La Cassazione ha stabilito che il saluto fascista non è considerabile come reato se ha un intento commemorativo e non violento. Si tratterebbe, in questi casi, di una libera «manifestazione del pensiero». Andiamo bene.

La Cassazione ha così definitivamente assolto due manifestanti, che durante una commemorazione organizzata a Milano nel 2014 da esponenti di Fratelli d’Italia, rispondendo alla “chiamata del presente” avevano alzato il braccio destro facendo il saluto fascista. Un gesto che gli era valsa un’imputazione per “concorso in manifestazione fascista”, reato previsto all’articolo 5 della legge Scelba.

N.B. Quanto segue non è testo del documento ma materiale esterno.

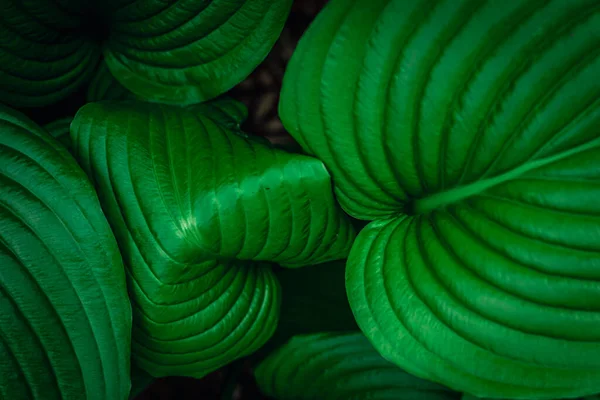 Природний Фон Свіжа Текстура Зелене Листя Вид Зверху — стокове фото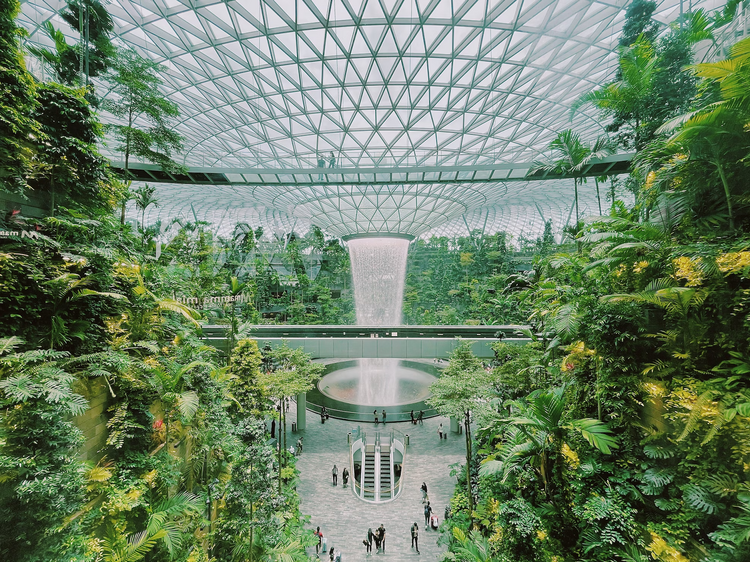 Gawk at the rain vortex at Jewel Changi Airport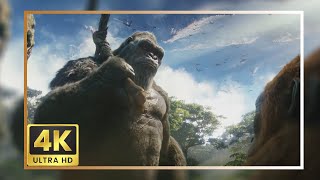 Kong 2024 Scene Pack  Godzilla X Kong The New Empire 4K Clips [upl. by Pernick]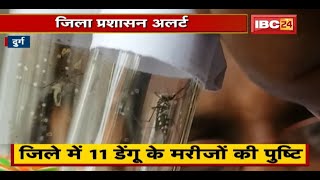 Durg District में 11 Dengue के मरीजों की पुष्टि | जिला प्रशासन अलर्ट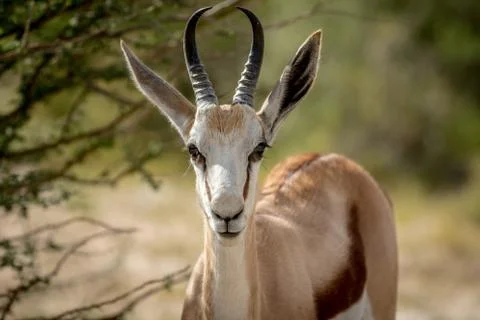 Close up of a Springbok in the Kalagadi. Stock Photos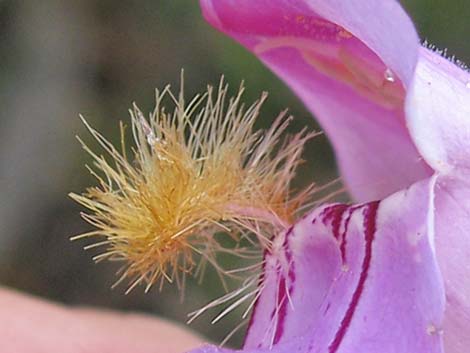 Palmer's Penstemon (Penstemon palmeri)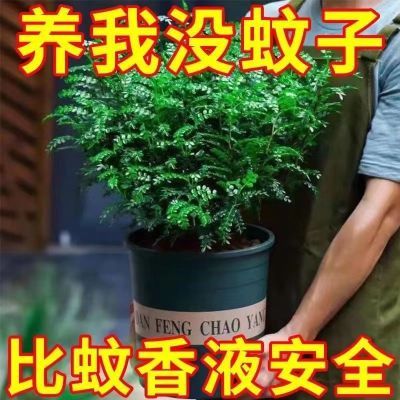 驱蚊虫清香木盆栽正宗胡椒木花卉绿植四季好养净化空气吸甲醛植物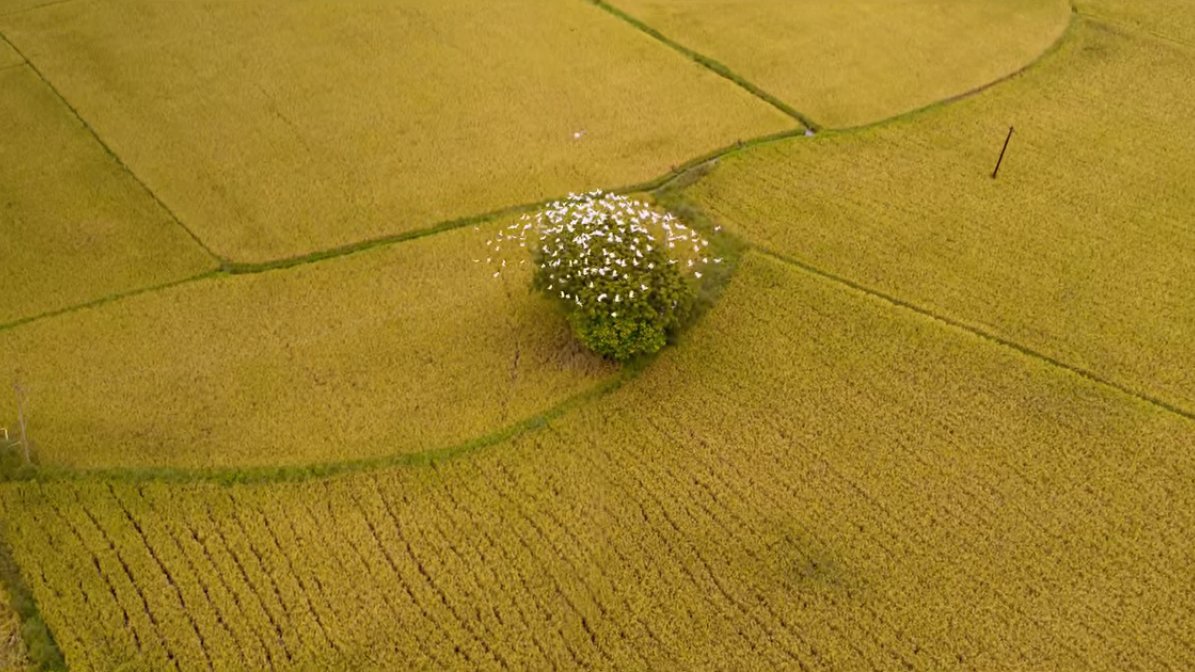 Overall just for remembering the most impactful episodes of this series, my ratings:1.  #OorIravu -(5/5)2.  #VaanMagal -.5(4.5/5)3.  #Thangam -.75(3.75)4.  #LovePannaUttranum -.75(2.75)Spl mention to music & cinematography worldclass!  #PaavaKadhaigal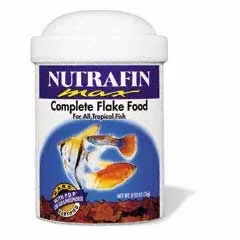 fish food.webp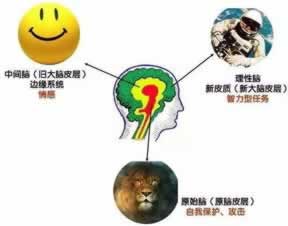 “揭秘网络黑网被黑背后的真相:异常现象背后的秘密”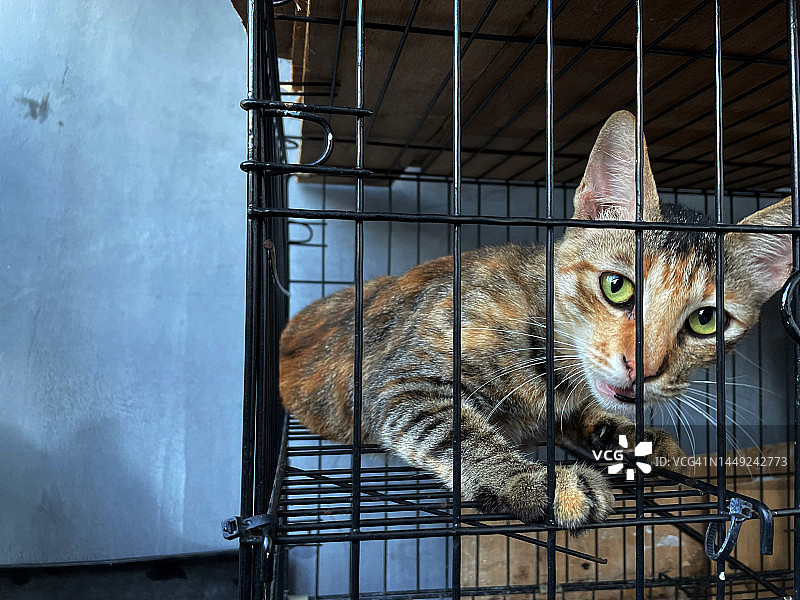 笼子里的猫图片素材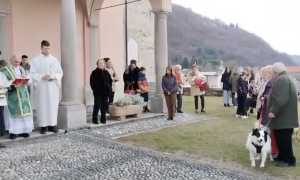 pettenasco s antonio 2023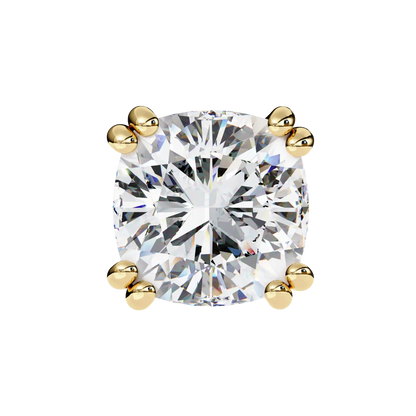 Cove Stud Earrings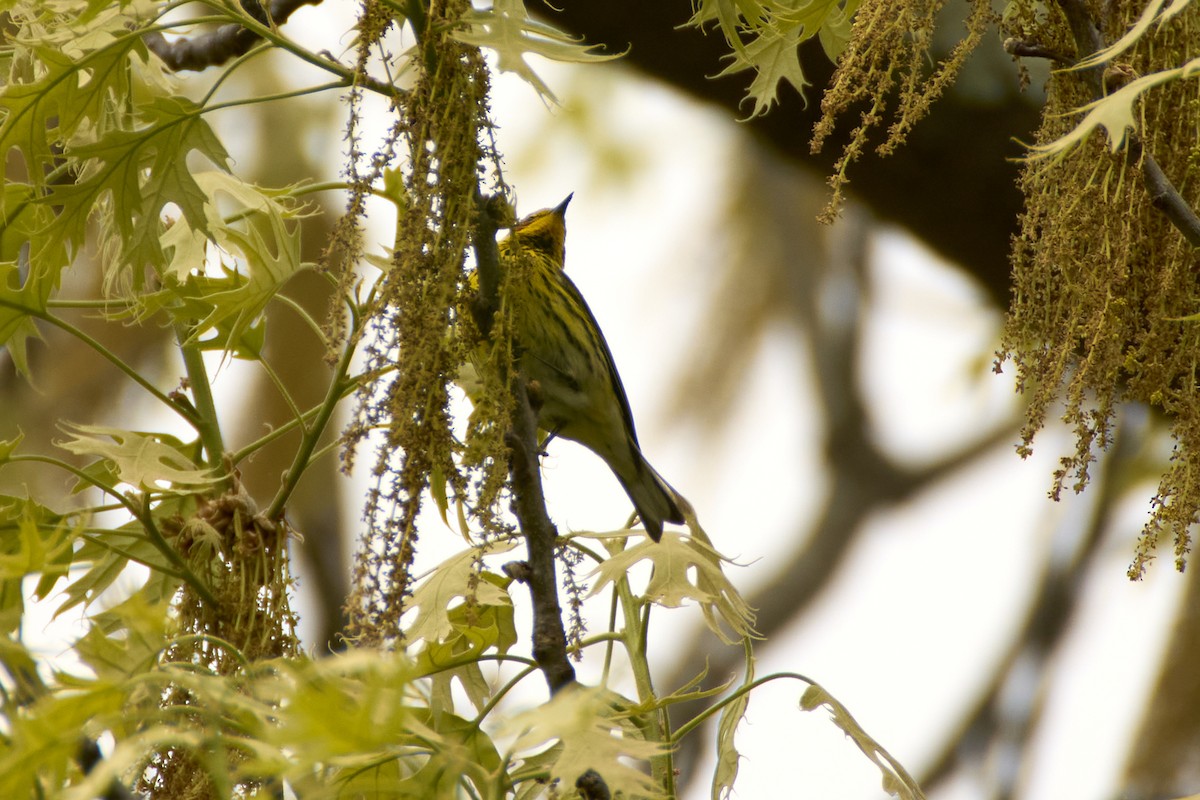 Cape May Warbler - ML618926374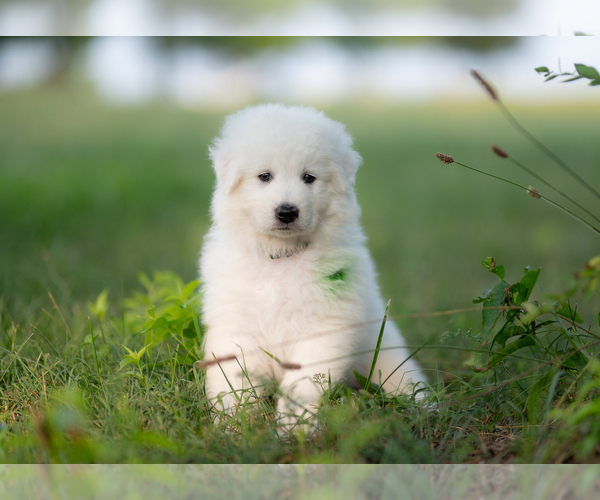 Medium Photo #11 Maremma Sheepdog Puppy For Sale in CONWAY, MO, USA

Con la sentenza n. 8108, la Corte Suprema ha respinto il ricorso della Procura Generale di Milano, confermando le decisioni del gup e della Corte d’Appello. Il percorso comune che ha portato alla sentenza ha riguardato il fatto che le legge non punisce «tutte le manifestazioni usuali del disciolto partito fascista, ma solo quelle che possono determinare ilpericolo di ricostituzione di organizzazioni fasciste», e i gesti e le espressioni «idonei a provocare adesioni e consensi».

E il saluto romano fatto dagli imputati non è stato ritenuto tale. Per i giudici di merito è stata dirimente la natura puramente commemorativa della manifestazione del corteo, organizzato in onore di tre militanti morti, senza “alcun intento restaurativo del regime fascista”.